3.1 Results of Search Strategy

The search strategy identified 1,036 unique articles (see Fig. 1). The initial selection revealed 322 articles that used one or more quantitative methods to elicit patients’ preferences; these are listed in Electronic Supplement 2.

Fig. 1
figure 1

Results of search strategy

3.2 Patient Preference Methods

The 322 articles selected for this review were concerned with 379 preference methods (in some articles, multiple methods were described). In accordance with the classification provided by Carson and Louviere [10], 71 of these preference methods were identified as MM, 96 as DCEs, 200 as ‘other methods’ and 12 as MCDM. The four main categories of preference methods could be further subdivided into 15 conceptually different preference methods (Fig. 2).

Fig. 2
figure 2

Patient preference methods found in the literature. * Within the ‘direct questions’ category, seven articles used willingness to pay and 34 articles used a standard gamble

3.2.1 Matching Methods

Three conceptually different methods within MM were found in the literature. This review identified 47 studies where respondents were asked with a direct question (DQ) to state their WTP to obtain a certain health state. For example, Esfandiari et al. [19] assessed the effect of long-term financing on preferences regarding implant over-dentures. Seven articles used the specific WTP method.

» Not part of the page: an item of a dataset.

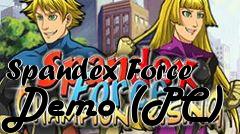 Box art for Spandex Force Demo (PC)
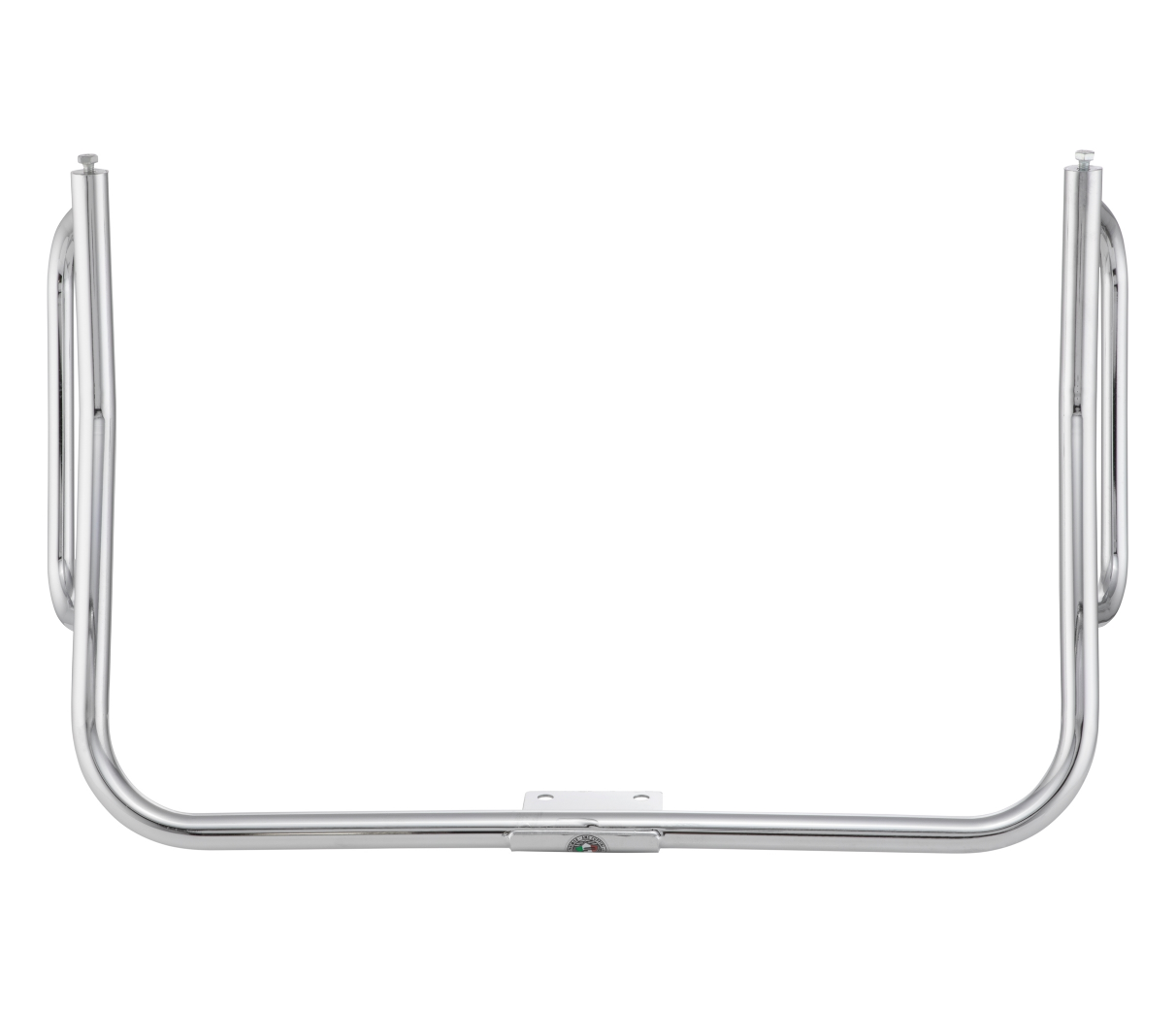 Lambretta Series 3 Li GP SX TV ULMA Rear Crash Bars - Chrome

SG, another variant of DQ, was found 34 times and is used mainly to quantify patient preferences regarding health states, not only for the probability of experiencing those health states but also for decision analysis, as shown by a study by Montgomery et al. [20]. DQ is also operationalized using a binary response, instead of a matching variable (time, money), as shown in the study by Gyrd-Hansen and Kristiansen [21], where respondents were presented with hypothetical therapy scenarios that involved life-year gains and were asked to state whether they should follow the therapy (yes/no). Another category in MM is the TTO approach, which was identified 19 times in this review. As with SG, TTO is also used to quantify the utilization of patient preferences regarding health states in decision analysis [22]. The final MM category is the allocation game, in which respondents are asked to allocate a fixed quantity to different categories. In a study by Ubel et al. [23], respondents were asked how to allocate funds to benefit people with varying levels of disability. Within MM, single-question and sequential-question versions are possible. In most studies, the sequential versions were used in order to assess a value for various goods, i.e. the health states [24]. Only three studies were identified using a single question, valuing one single health state. MM uses a direct weighting strategy; individuals are asked to directly provide their utilities for a health state. In MM, trade-offs can be made by trading health gains against several negative outcomes, such as the risk of immediate death (SG), a reduced lifespan (TTO), a monetary equivalent (WTP) or allocation trade-offs (allocation game). MM is consistent with the expected utility theory, in that outcomes have cardinal properties and result in utilities.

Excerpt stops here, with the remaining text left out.